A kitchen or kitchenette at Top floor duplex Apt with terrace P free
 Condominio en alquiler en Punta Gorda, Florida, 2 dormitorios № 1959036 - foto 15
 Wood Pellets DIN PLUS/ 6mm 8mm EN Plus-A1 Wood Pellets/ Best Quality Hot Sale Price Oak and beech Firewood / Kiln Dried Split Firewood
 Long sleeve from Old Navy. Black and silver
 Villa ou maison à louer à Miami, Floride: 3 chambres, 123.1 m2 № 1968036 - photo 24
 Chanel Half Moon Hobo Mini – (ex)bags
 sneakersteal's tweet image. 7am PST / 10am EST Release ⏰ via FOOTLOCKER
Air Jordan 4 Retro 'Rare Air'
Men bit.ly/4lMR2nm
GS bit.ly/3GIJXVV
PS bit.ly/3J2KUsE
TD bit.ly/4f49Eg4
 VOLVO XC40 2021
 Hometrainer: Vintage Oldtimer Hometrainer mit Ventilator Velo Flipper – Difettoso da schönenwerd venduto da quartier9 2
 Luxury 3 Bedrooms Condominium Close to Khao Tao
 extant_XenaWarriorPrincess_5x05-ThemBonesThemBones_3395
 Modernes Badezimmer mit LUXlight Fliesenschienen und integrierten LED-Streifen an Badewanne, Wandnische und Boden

★ ★ ★ ★ ★

*What to produce*
Each line from the one containing "Luxury 3 Bedrooms" to the end of the entries above should be copied exactly, and no other line.

*Answer section*
 Luxury 3 Bedrooms Condominium Close to Khao Tao
 extant_XenaWarriorPrincess_5x05-ThemBonesThemBones_3395
 Modernes Badezimmer mit LUXlight Fliesenschienen und integrierten LED-Streifen an Badewanne, Wandnische und Boden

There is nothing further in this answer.